Action item: Only the lines that include "Intelligent" should be copied from the data below.

Collected data
--- START ---

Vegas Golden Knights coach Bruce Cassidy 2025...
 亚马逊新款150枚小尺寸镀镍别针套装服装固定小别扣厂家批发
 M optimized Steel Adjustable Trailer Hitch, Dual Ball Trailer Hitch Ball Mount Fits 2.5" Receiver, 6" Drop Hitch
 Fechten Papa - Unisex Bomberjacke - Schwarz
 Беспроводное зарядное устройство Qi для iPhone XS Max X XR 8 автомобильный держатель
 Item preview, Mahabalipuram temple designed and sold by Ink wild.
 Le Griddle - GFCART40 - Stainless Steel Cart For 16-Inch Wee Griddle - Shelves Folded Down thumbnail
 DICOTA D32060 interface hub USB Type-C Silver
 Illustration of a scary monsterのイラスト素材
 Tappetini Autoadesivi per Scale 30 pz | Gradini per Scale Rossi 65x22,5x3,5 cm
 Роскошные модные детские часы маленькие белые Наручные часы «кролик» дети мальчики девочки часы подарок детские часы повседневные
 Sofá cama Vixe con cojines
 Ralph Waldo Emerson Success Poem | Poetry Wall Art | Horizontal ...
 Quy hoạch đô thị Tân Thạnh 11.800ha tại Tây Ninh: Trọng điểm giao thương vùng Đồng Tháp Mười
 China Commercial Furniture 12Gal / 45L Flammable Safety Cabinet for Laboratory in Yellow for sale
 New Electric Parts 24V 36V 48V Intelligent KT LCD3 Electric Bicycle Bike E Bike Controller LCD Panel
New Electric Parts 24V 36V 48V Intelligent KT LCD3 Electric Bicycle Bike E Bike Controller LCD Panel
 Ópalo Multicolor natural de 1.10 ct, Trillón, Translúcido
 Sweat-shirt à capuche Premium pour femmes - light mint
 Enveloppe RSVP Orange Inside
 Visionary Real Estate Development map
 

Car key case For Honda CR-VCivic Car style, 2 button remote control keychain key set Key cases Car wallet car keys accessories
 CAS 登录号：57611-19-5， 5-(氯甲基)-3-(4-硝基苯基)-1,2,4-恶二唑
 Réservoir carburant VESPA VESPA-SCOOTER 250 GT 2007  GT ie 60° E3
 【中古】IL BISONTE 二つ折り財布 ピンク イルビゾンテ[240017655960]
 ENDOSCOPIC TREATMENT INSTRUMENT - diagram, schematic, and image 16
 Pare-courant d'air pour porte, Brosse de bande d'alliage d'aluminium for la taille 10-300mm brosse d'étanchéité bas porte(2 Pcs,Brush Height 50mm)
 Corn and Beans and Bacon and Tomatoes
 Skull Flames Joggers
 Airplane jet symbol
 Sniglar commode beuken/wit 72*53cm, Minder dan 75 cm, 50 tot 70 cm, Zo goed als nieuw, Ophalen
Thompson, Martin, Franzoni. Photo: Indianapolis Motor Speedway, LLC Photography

--- END ---

Solution to this problem:
 New Electric Parts 24V 36V 48V Intelligent KT LCD3 Electric Bicycle Bike E Bike Controller LCD Panel
New Electric Parts 24V 36V 48V Intelligent KT LCD3 Electric Bicycle Bike E Bike Controller LCD Panel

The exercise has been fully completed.